4 Tips to Spot Misinformation on the Web


We’ve already discussed how the Israel-Hamas war is the latest conflict where people are poring over social media and news channels looking for updates on what, exactly, is happening. After all, whether it’s news about our neighborhoods or communities on the other side of the world, the web is where we go to find updates.

And it’s another reminder that misinformation is often big business, and it’s everywhere: fake news and fabrications, half-truths and obfuscations, and flat-out lies and propaganda. The rise in AI-powered deep fakes has only made the problem worse and increased the amount of untrustworthy content out there.

So is it actually still possible to filter truth from lies online? We don’t yet have a foolproof way of checking—perhaps that’s a task AI could be trained on next—but there are ways to limit the likelihood of being fooled.

Know Your Sources

Be careful where you get your news from.

WIRED via David Nield

Some online sources are clearly more reputable than others: It’s right to be more skeptical about a post by an unknown X user than it is about something from The New York Times or The Washington Post (or WIRED). That’s not to say citizen journalism can’t be useful, because it absolutely can, but be wary of taking it at face value.

It’s not just the source that’s important, it’s the number of sources. Like Bernstein and Woodward, you need to get information backed up and verified by more than one source whenever possible. If you’re looking at a video of an event, for example, look for more recordings from other people, taken from different angles.
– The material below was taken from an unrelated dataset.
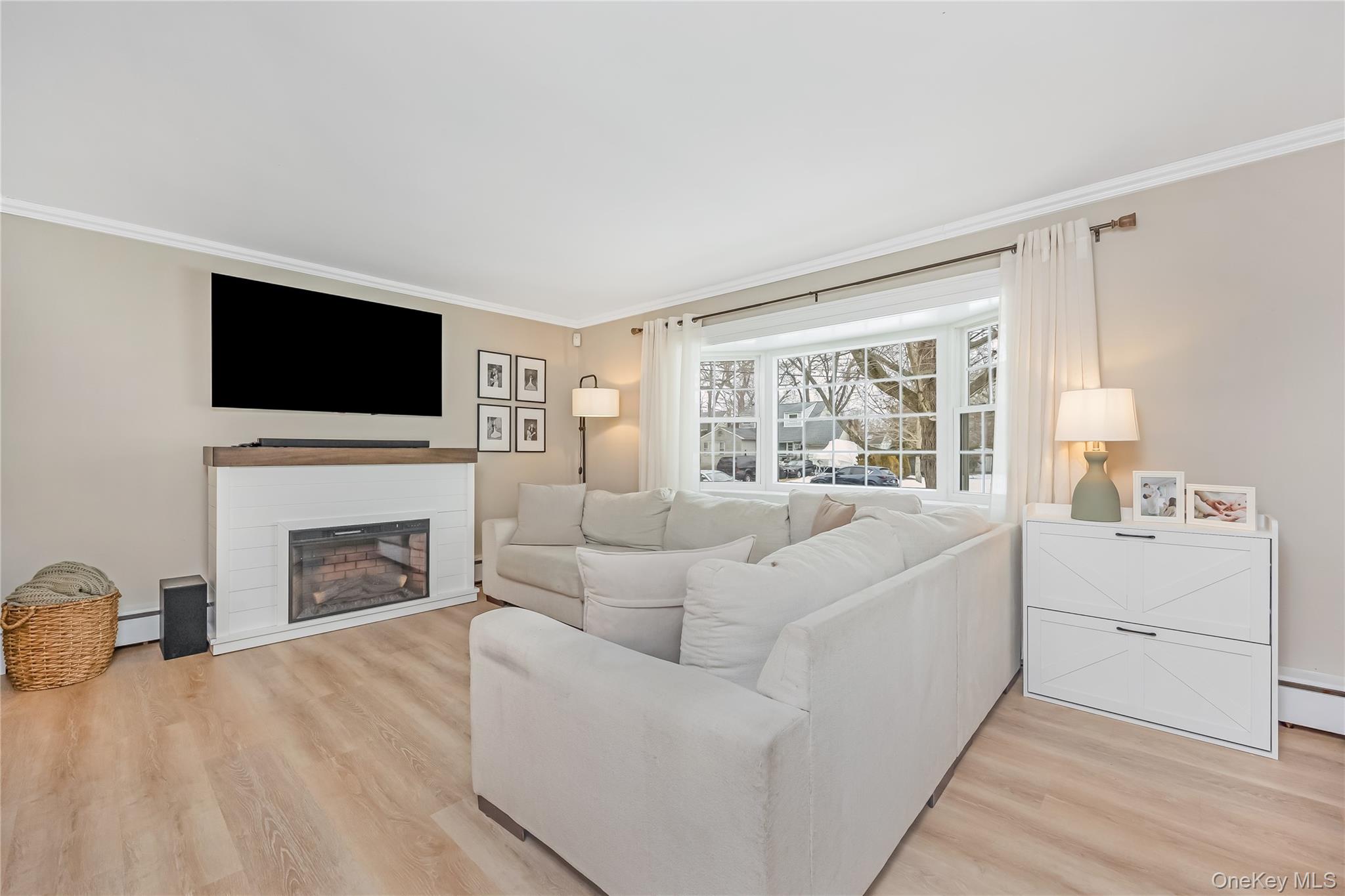 360 Renee Drive, Bayport, NY 11705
If you’re not sure about a particular source, check its history—which is fairly easy to do on social media. Does their most recent post match up with what they’ve posted before? Are they posting a lot of generic content that can’t really be authenticated? How many followers do they have, and how are they interacting with them? These can all be useful factors to consider.

Check the Context

Community notes can add context on X—but they aren’t always reliable.

X via David Nield

As well as checking the sources of particular stories, photos, and videos, examine the context around them. You can look at whether a video clip is one of a series, for example, or something that seems to have appeared out of nowhere.